The high cost of living swallowed an estimated Ksh.28,393 from Kenyans personal incomes in 2021.
New data from the 2022 Economic Survey shows real average earnings which present the effects of inflationary pressures on worker’s earnings fell by an average 3.8 per cent.
The hit translates to the loss of about Ksh.2,366 per month across the year.
Real average earnings across both the public and private sector fell to Ksh.718,800 or Ksh.59,900 per month from Ksh.747,193 or Ksh.62,266 monthly in 2020.
Curiously, the real wage growth decline was larger than that recorded in 2020 at 1.4 per cent.
In the private sector, workers in the agriculture sub-sector saw Ksh.19.539 wiped off payslips or Ksh.1,628 monthly as employees in manufacturing lost Ksh.20,183.
Meanwhile, workers in finance and insurance which boasts of the highest wages lost Ksh.87,433 or an equivalent Ksh.7,286 per month.

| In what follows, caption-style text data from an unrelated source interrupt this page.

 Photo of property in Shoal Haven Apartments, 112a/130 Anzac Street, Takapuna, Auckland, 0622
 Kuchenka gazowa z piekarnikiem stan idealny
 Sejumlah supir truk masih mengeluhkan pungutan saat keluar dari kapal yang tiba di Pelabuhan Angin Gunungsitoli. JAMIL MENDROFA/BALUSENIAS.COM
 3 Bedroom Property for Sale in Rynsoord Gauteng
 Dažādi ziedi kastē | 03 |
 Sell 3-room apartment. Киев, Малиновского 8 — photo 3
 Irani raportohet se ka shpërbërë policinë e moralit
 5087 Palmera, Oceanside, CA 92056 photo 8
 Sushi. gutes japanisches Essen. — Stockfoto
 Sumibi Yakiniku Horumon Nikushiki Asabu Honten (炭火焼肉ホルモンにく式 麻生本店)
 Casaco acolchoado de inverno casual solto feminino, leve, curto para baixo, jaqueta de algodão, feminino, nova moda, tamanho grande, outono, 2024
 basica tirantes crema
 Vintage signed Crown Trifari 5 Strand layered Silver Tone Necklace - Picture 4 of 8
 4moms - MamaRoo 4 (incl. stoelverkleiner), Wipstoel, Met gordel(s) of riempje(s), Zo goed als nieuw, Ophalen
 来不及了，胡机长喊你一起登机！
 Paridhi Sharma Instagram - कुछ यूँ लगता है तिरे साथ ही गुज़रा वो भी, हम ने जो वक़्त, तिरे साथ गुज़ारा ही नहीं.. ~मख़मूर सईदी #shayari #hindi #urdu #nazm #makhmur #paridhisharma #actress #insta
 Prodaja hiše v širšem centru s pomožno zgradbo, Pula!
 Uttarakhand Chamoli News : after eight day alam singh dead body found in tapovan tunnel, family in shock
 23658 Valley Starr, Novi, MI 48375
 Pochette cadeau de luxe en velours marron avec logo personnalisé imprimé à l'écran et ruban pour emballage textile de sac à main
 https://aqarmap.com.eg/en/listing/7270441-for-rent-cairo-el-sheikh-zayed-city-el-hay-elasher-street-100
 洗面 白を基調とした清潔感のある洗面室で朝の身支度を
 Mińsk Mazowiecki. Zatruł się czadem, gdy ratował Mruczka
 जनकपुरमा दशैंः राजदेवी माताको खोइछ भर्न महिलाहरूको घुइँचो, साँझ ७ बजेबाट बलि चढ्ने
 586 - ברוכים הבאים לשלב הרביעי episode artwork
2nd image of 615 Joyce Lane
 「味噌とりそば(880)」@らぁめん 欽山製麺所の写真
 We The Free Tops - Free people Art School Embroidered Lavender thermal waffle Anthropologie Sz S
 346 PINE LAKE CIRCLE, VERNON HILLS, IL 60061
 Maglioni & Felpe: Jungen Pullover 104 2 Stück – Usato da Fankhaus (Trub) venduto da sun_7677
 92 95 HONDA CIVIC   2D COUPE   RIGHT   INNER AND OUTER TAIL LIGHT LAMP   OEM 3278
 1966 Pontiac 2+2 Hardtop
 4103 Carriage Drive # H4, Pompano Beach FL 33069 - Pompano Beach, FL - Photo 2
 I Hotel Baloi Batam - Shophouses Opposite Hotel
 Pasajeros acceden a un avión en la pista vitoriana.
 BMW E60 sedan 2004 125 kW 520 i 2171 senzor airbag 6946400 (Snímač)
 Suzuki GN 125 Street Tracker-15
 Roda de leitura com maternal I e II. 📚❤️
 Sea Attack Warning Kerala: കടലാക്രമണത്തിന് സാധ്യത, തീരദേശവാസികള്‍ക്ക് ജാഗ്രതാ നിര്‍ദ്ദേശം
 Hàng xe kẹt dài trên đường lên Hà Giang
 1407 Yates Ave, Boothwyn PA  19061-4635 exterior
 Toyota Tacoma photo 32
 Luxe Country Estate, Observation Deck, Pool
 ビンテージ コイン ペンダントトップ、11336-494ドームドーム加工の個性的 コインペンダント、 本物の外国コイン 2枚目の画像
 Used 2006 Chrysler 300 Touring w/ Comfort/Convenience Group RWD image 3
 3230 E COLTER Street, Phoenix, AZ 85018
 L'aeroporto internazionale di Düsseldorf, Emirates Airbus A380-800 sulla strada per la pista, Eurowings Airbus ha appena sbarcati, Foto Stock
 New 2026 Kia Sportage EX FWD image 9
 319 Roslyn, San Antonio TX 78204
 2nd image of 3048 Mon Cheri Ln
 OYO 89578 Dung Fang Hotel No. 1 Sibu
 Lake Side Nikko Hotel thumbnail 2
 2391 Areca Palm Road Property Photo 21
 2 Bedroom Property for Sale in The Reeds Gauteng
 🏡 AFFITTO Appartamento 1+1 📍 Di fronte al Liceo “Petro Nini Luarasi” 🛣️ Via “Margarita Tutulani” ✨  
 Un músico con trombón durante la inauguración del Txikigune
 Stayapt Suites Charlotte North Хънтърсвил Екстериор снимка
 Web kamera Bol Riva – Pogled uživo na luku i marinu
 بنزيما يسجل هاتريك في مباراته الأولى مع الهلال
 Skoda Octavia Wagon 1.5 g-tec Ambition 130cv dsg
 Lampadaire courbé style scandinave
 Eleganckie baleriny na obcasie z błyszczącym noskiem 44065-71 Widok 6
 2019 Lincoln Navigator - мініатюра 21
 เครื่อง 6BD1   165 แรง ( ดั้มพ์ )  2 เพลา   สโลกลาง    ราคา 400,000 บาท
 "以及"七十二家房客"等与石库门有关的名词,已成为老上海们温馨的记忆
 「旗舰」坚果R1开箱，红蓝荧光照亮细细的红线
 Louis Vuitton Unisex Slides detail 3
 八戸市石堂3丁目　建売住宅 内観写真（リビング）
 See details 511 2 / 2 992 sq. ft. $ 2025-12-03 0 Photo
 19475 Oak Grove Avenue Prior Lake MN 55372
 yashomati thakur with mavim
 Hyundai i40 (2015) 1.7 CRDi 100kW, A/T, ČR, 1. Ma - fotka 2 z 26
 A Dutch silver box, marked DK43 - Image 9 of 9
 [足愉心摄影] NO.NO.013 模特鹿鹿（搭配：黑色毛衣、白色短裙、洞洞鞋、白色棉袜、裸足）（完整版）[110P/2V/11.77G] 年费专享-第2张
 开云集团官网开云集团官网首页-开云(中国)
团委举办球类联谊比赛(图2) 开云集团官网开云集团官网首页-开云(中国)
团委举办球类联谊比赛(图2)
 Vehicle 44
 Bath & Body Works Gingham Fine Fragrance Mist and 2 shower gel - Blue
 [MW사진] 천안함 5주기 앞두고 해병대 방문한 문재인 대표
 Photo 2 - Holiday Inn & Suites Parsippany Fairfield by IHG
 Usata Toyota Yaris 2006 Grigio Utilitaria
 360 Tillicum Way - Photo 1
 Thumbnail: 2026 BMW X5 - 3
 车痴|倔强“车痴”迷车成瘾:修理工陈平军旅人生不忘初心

In the public sector, teachers represented by real average wages to the Teachers Service Commission (TSC) lost Ksh.28.402 to the rising living costs or an equivalent Ksh.2,367 per month.
Workers in county governments however defied the decline trend to post a Ksh.8,986 increase in real wages for the year or Ksh.748 monthly.
Across 2021, annual inflation increased from 5.4 per cent to 6.1 per cent with the increase coming mainly from higher fuel and food prices.
Transport costs rose by 12.3 per cent, the highest rate of all average weighted consumer prices.
Food which accounts for about one third of household budgets marked the second highest jump in costs at 8.5 per cent.
The cost of wheat flour marked the single largest jump for food items with the price of a two kilogram pack moving from Ksh.119.37 in 2020 to Ksh.131.19.